Are you an active runner? You could be experiencing or be prone to iliotibial band (ITB) syndrome. This syndrome can be painful but can be treated in minimal recovery time withou a huge financial investment. Whether you seek the assistance of a physical therapist, or practice certain techniques on your own, there are various ways to treat ITB syndrome.
You may be asking yourself how ITB syndrome is recognized? It is simply a pain located around the outside of the knee that becomes worse while exercising, specifically running. Common causes of ITB syndrome include running too fast or too far. Just one stride in your walk or run can result in tightness in the ITB and therefore cause ITB syndrome. If you do experience this type of physical pain, it is recommended that you stop exercising and ice the area. In addition, resting, stretching and supplying your body with the best nutrients will achieve optimal results.

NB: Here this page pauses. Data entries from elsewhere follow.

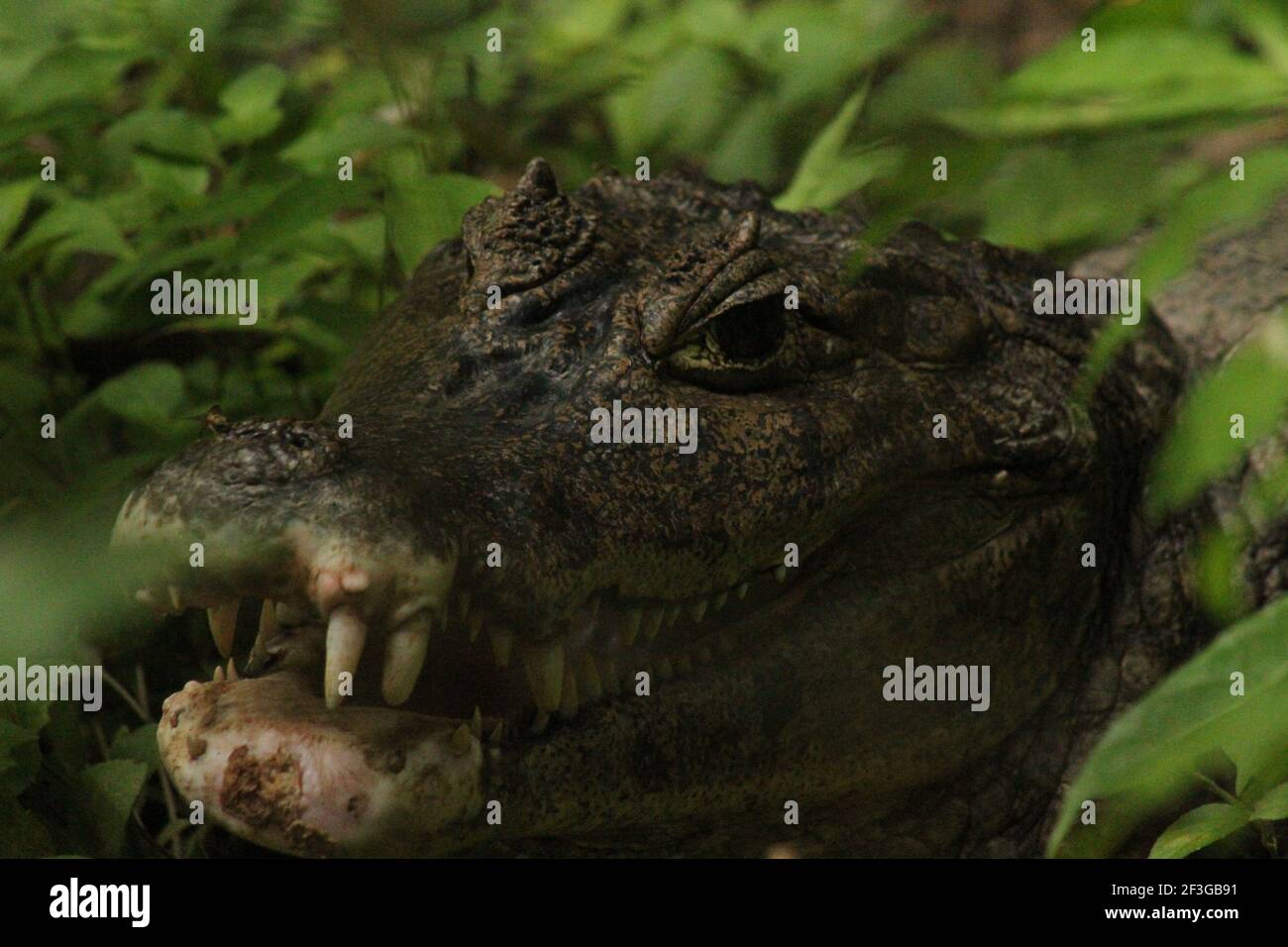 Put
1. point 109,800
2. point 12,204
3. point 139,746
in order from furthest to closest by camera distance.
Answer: point 12,204
point 139,746
point 109,800

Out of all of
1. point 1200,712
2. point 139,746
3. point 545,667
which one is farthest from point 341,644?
point 1200,712

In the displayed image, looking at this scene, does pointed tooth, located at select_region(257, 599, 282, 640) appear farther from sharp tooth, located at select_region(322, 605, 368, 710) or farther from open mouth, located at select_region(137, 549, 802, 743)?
sharp tooth, located at select_region(322, 605, 368, 710)

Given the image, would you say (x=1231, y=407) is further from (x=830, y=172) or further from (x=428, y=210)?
(x=830, y=172)

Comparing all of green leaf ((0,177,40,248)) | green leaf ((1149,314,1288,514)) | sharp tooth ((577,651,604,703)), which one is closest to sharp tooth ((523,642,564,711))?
sharp tooth ((577,651,604,703))

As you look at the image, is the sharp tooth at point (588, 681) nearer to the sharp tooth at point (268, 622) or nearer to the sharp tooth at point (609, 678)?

My number one tip to prevent ITB syndrome would be to purchase a foam roller and massage your hips and knees often in an effort to allow you to continue exercising and running. The technique for using a foam roller is simple: Place the foam roller on the ground and place the outside of your thigh on the roll so that you can roll the length of your thigh. Use your hands to pull your body back and forth over the affected area of your leg for a minute or two. Slowly massage the affected muscles a few times a day with the foam roller in an effort to maintain your active lifestyle without experiencing pain.